What has changed significantly on the website side?
My bank website did a full re-design to be modern looking, but it's slower, no longer supports multiple tabs, and links don't work well, especially if you go through the sign in flow. The ones that didn't redesign into a JS heavy spa are still faster and links tend to be more reliable for e.g. bookmarking. They don't look great, but they tend to be more functional.
I can buy something, pay using a number of different standardised mechanisms (debit card details, Apple/Google Pay, other web services like PayPal) and have it quoted for shipping from almost anywhere in the world to my house with just a few presses in a mobile browser or on my laptop. There are a huge number of moving parts involved in providing that experience and it is fairly consistent between large tech players and small.
It might not be flashy stuff like a nice replacement for JavaScript to make developers' lives easier, but a lot of my story above depends on significant advancement in web standards plus industry experience and consolidation. The web (as well as walled gardens like Apple and Google native) has been critical in enabling that. It's the bedrock for the entire digital economy, including many transactions that drive the physical economy. 15 years ago you couldn't even trust that the average user's browser had a decent fetch API.
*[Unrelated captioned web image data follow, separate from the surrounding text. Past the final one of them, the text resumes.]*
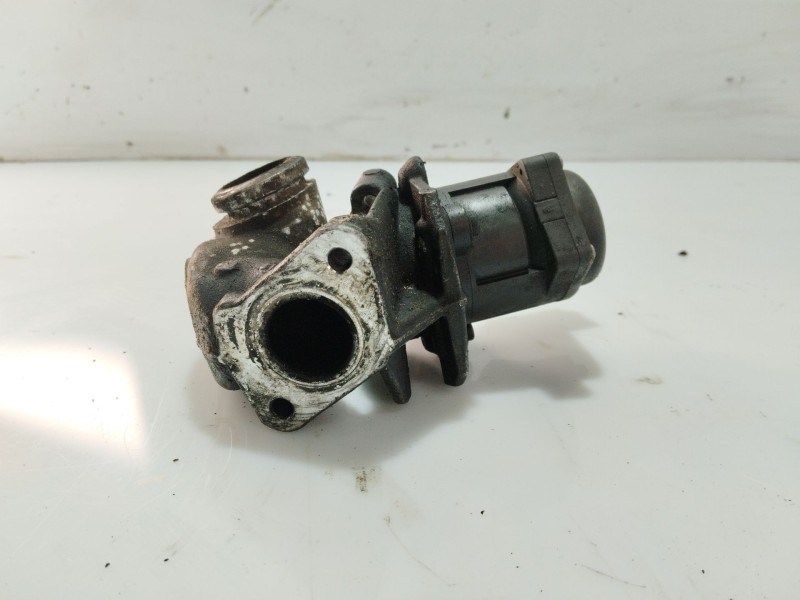 Recambio de valvula egr para citroën c2 1.4 hdi referencia OEM IAM 9658203780  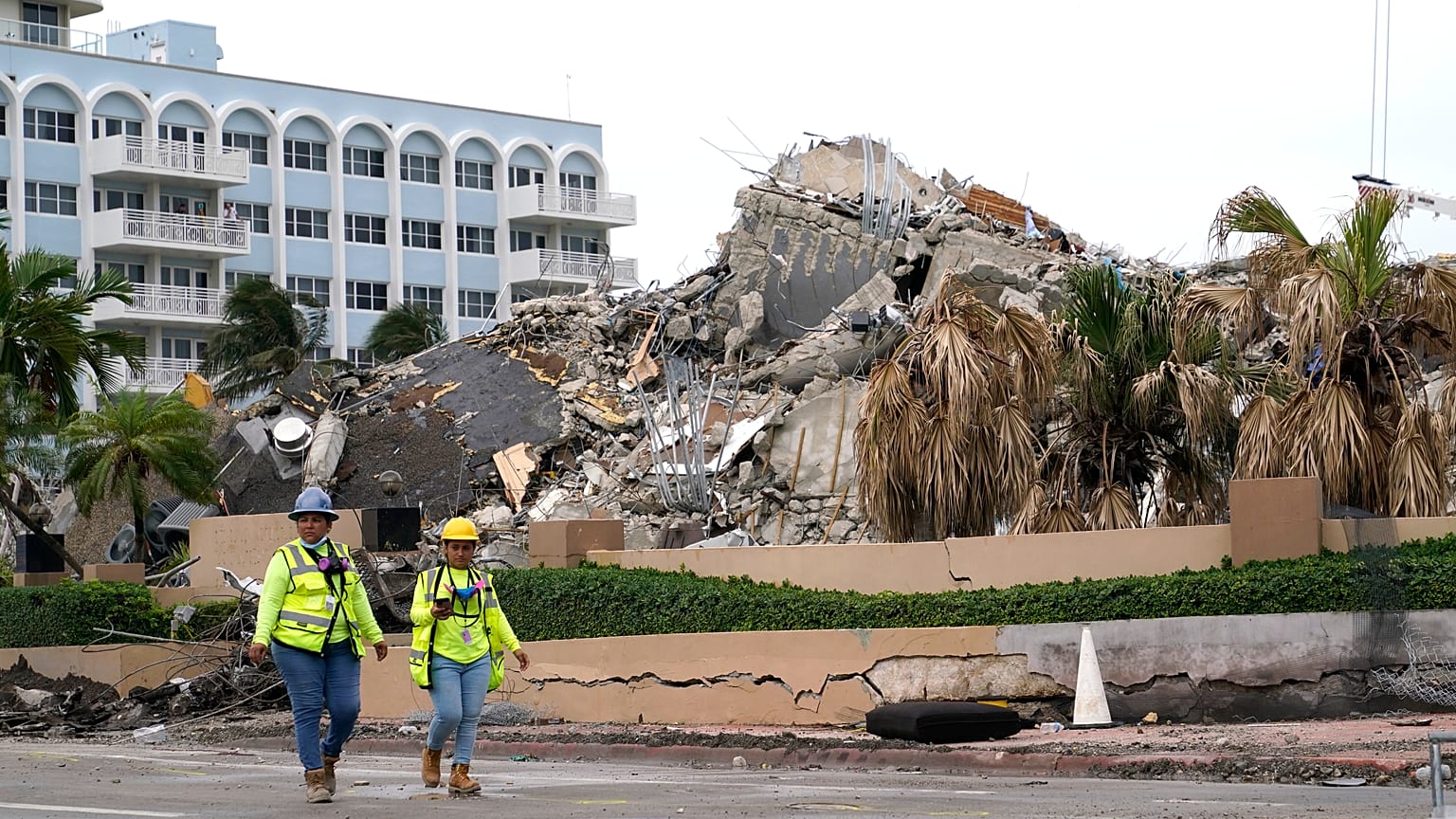 L'ouragan Elsa arrive sur la Floride, à Surfside, les fouilles continuent
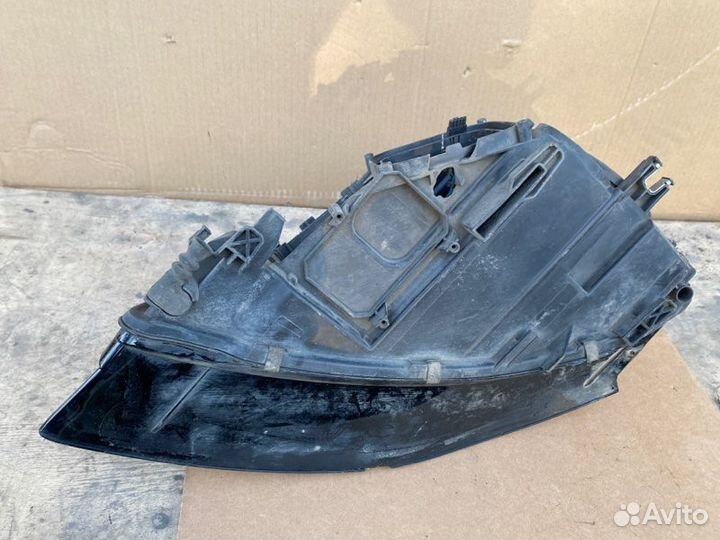 Фара ксеноновая передняя правая Audi A4 B8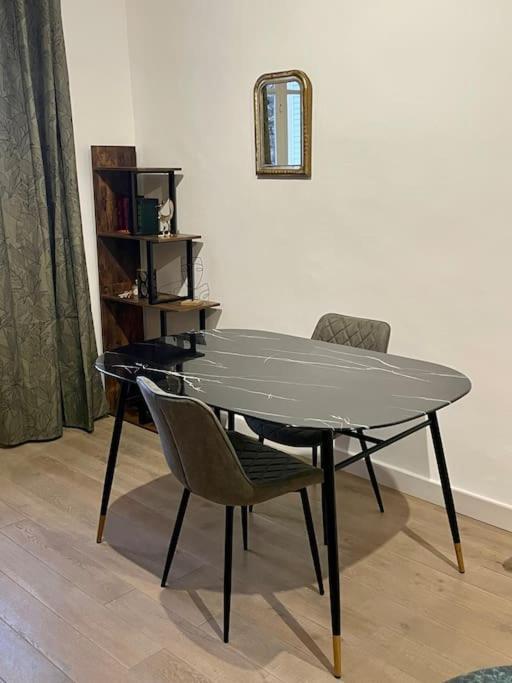 Appartement Renove De Caractere/ Parking Prive Saint-Rémy-de-Provence Buitenkant foto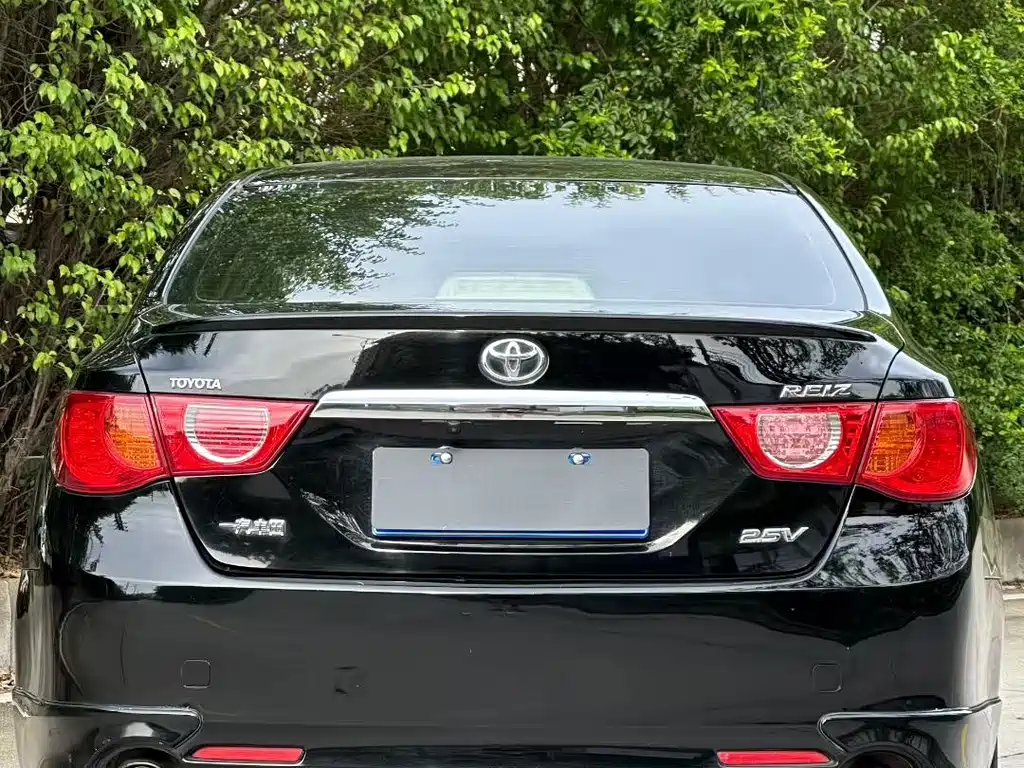 Toyota Reiz — миниатюра 9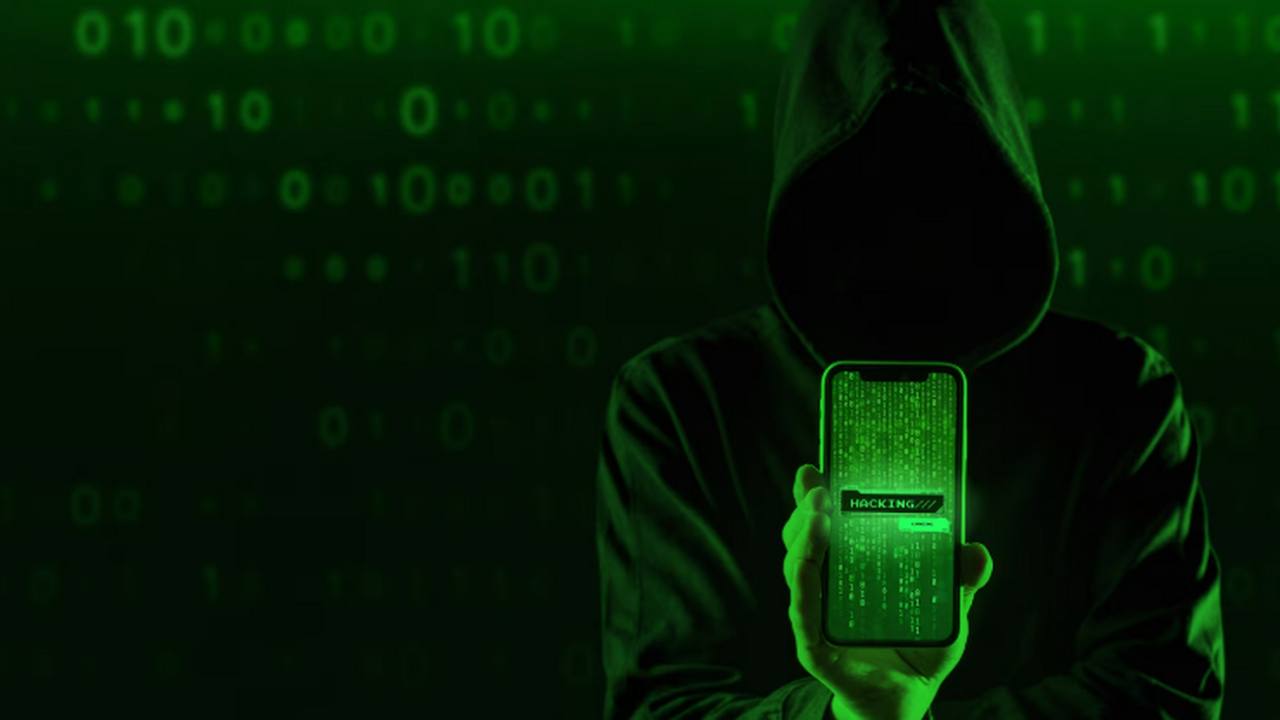 МВД: QR-коды на поддельных листовках ведут на фишинговый сайт Telegram Злоумышленники размещают поддельные объявления ...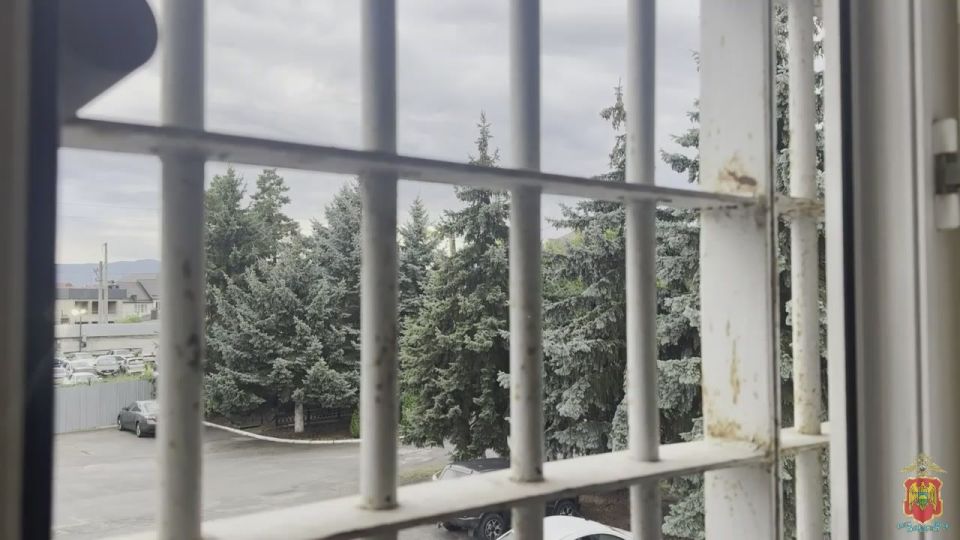 В Кабардино-Балкарии полицией задержан угонщик «Газели», спровоцировавший наезд фургона на служебную машину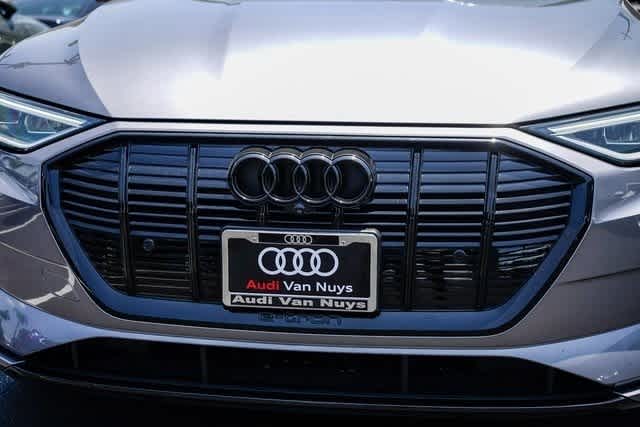 Thumbnail: 2022 Audi e-tron - 8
edit: I do agree that things have gotten slower and everything is terrible.
My bank website did a full re-design to be modern looking, but it's slower, no longer supports multiple tabs, and links don't work well, especially if you go through the sign in flow. The ones that didn't redesign into a JS heavy spa are still faster and links tend to be more reliable for e.g. bookmarking. They don't look great, but they tend to be more functional.